Come Tour time, the whole squad will be looking for their chances to attack and open up the race. That’s how our team wins.

“We're the team that is there to win with style,” Vaughters said. “We entertain, because we are genuinely trying to make the race different to try to win it. We try to win by exploiting the seams in the fabric, finding the weak spot in the fabric, right where the seam is. If you cut through that, it's the easiest point. Nobody else is thinking that way.”

Our team’s approach to athlete development is also unique. This year, the team recruited a crew of extremely talented young cadets. Auke De Buysser and Mattia Agostinacchio joined the team straight from the juniors. Making sure that they reach their full potential is a long-term process that will surely include lots of ups and downs. Both Vaughters and Tromp were racers themselves and have drawn on their own experiences as athletes to help young riders achieve their dreams.

“Over the past two years, we really focused on developing happy, healthy athletes,” Tromp said.

“Cycling is a job, and it is their job to produce results, but we can do that in a really fun way. We want our athletes to be happy on and off the bike. We offer them good psychological support and put a real focus on nutrition and health. That produced a lot of results last season, and I'm sure that will also be the case over the coming seasons.”

Vaughters is convinced that the team’s current crop of young riders, including EF Education-Aevolo recruits like Roberto Capello, Peyton Burckel, and Juan Felipe Rodriguez, will soon be winning the biggest races in the world.

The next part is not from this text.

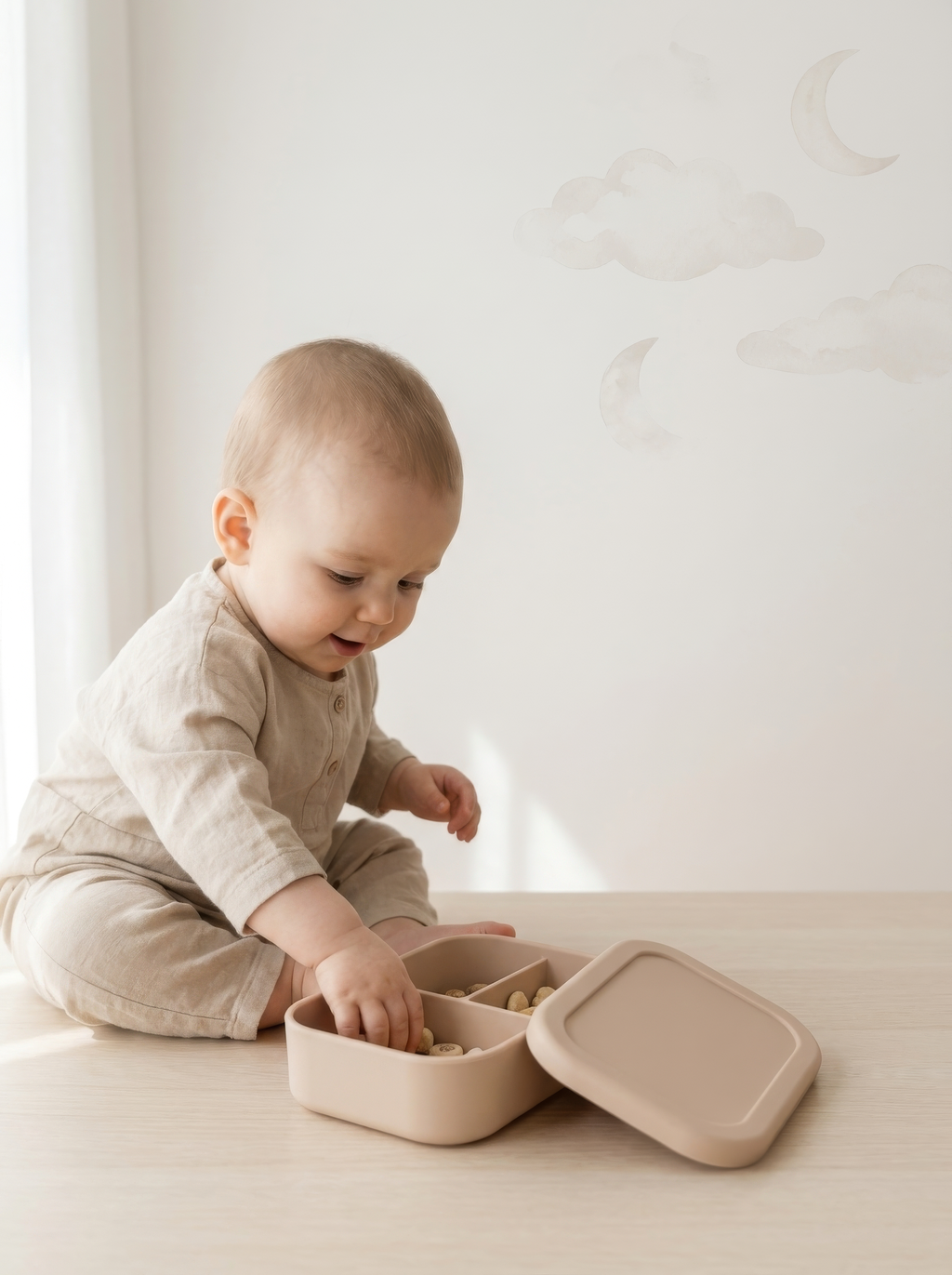 Silicone Lunch Box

“Your highest probability of success in this day and age in cycling is to identify talent young, nurture that talent and keep that talent around until they're fully mature and ready to win the largest races,” he said.

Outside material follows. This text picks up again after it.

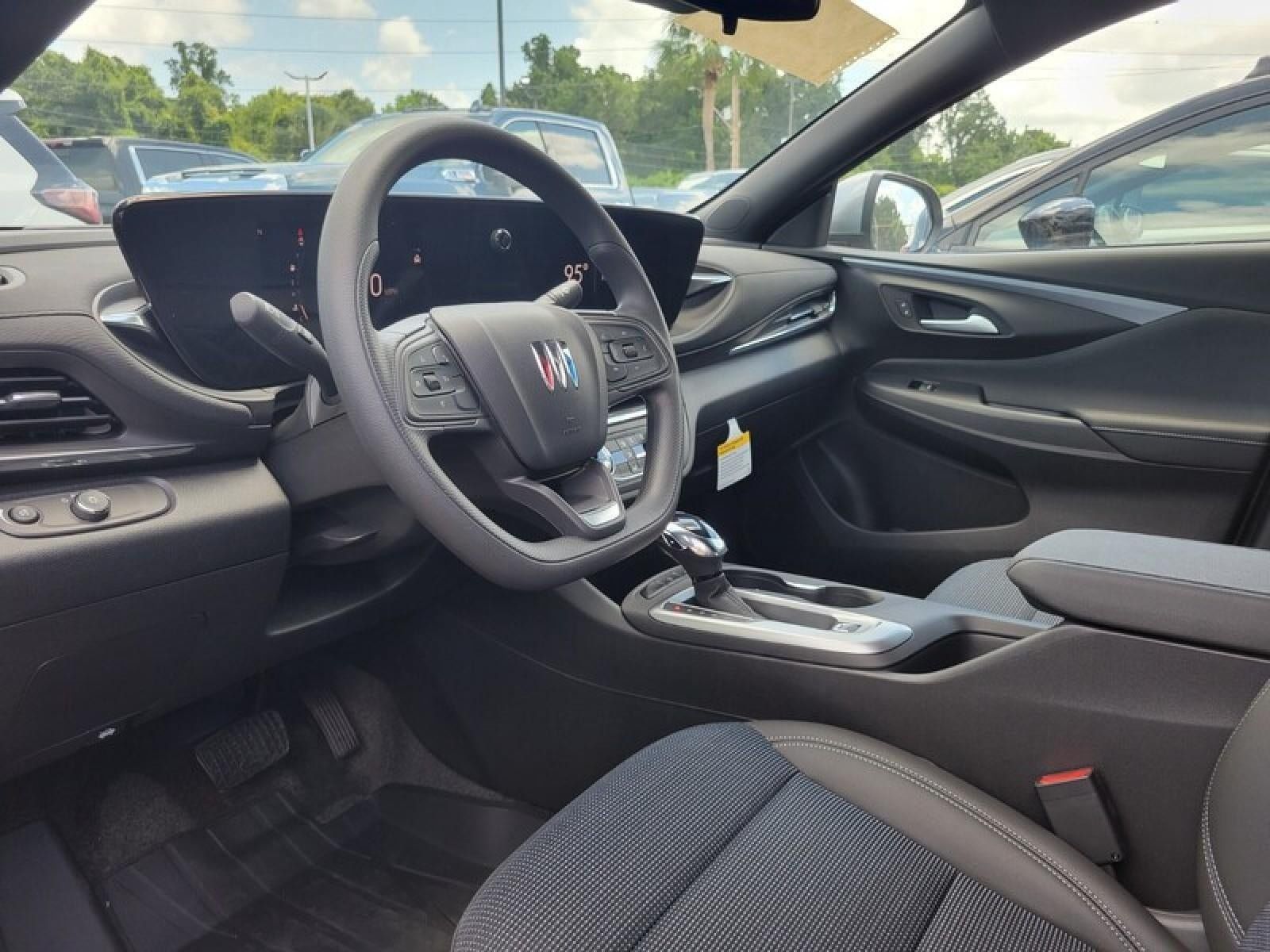 New 2026 Buick Envista Preferred FWD image 8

“We're an organization that allows an athlete the time to learn the hard lessons. That doesn't mean they get forever to learn the hard lessons. There does need to be a learning curve going on, but I don't think there are so many WorldTour organizations that are telling their riders to sleep an hour more and train an hour less, as we are doing. I believe that is the best pathway to long-term performance. Ultimately, as Esra said, healthy and happy athletes will perform better over the long run.”

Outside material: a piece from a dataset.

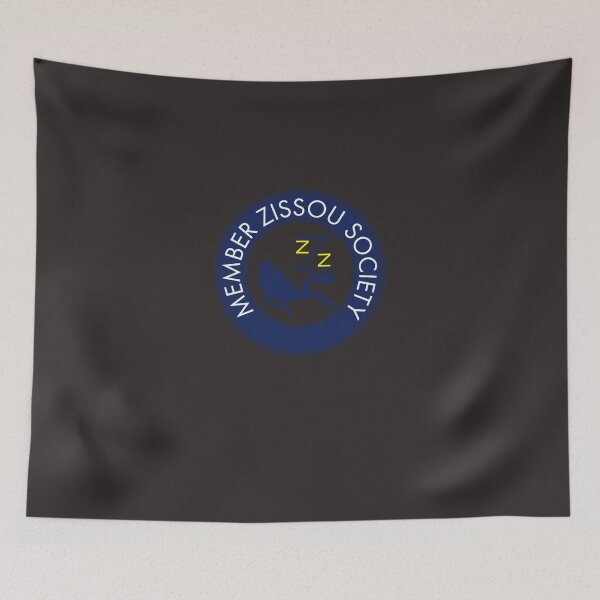 Item preview, Member Zissou Society Essential T-Shirt designed and sold by MatthiasZettwoc.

The flight path to cycling superstardom is not always linear, but it is propelled by developing good habits early, taking big chances in races, and training consistently.

“Could 2026 be spectacular? It could. It could also be disappointing,” Vaughters said. “I’m taking a long view on that and understanding that we have recruited the best talent out there. That isn't going to necessarily pop into the limelight immediately. We have to allow them time to organically grow. But I know that the team from a long-term perspective will grow and take some really big steps forward toward some really big performances, which is what we're ultimately after.”

The future of EF Pro Cycling starts in 2026.